Panel on climate change headed by Rajendra Pachauri
OSLO/NEW DELHI: Former U.S. Vice President Al Gore and the U.N.'s Intergovernmental Panel on Climate Change jointly won the 2007 Nobel Peace Prize Friday for their efforts to spread awareness of man-made climate change and to lay the foundations for fighting it.
Gore, who won an Academy Award earlier this year for his film on global warming, ``An Inconvenient Truth,'' had been widely tipped to win the prize. The win is also likely add further fuel to a burgeoning movement in the United States for Gore to run for president in 2008, which he has so far said he does not plan to do.
Gore called the award meaningful because of his co-winner, calling the IPCC the ``world's pre-eminent scientific body devoted to improving our understanding of the climate crisis.''
He said that global warming was not a political issue but a worldwide crisis.
``We face a true planetary emergency. ... It is a moral and spiritual challenge to all of humanity,'' he said. ``It is also our greatest opportunity to lift global consciousness to a higher level.''
Gore said he planned to donate his share of the prize money to the Alliance for Climate Protection, a bipartisan nonprofit organization that is devoted to changing public opinion in the U.S. and around the world about the urgency of solving the climate crisis.
In its citation, the committed lauded Gore's ``strong commitment, reflected in political activity, lectures, films and books, has strengthened the struggle against climate change. He is probably the single individual who has done most to create greater worldwide understanding of the measures that need to be adopted.''
Ole Danbolt Mjoes, chairman of the prize committee, said the award should not be seen as singling out the administration of U.S. President George W. Bush for criticism.

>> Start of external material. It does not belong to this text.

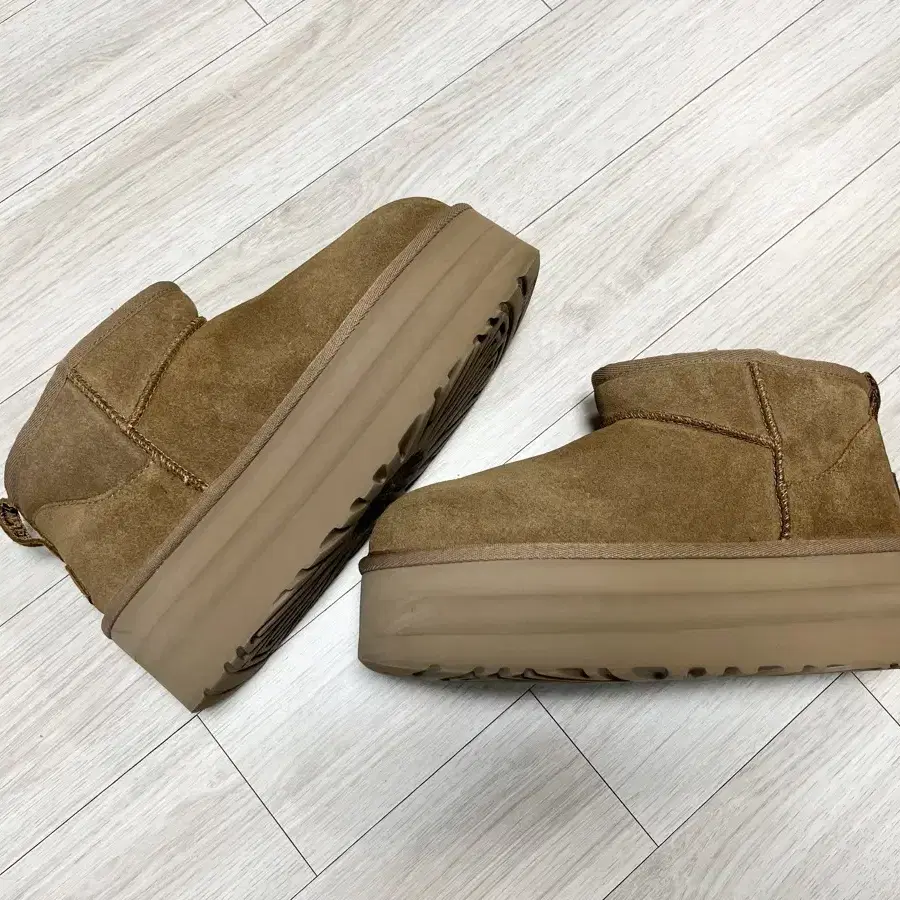 어그(UGG) 울트라 미니 플랫폼 체스넛 USA 6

But, in a nod to the 2008 elections, he said ``I am very much in support for all who support changes.''
``Al Gore has fought the environment battle even as vice president,'' Mjoes said. ``Many did not listen ... but he carried on.''
The last American to win the prize, or share it, was former U.S. President Jimmy Carter, who won it 2002.
In its citation, the committee said that Gore ``has for a long time been one of the world's leading environmentalist politicians'' and cited his awareness at an early stage ``of the climatic challenges the world is facing.
The committee cited the IPCC for its two decades of scientific reports that have ``created an ever-broader informed consensus about the connection between human activities and global warming. Thousands of scientists and officials from over 100 countries have collaborated to achieve greater certainty as to the scale of the warming.''
"a sense of urgency"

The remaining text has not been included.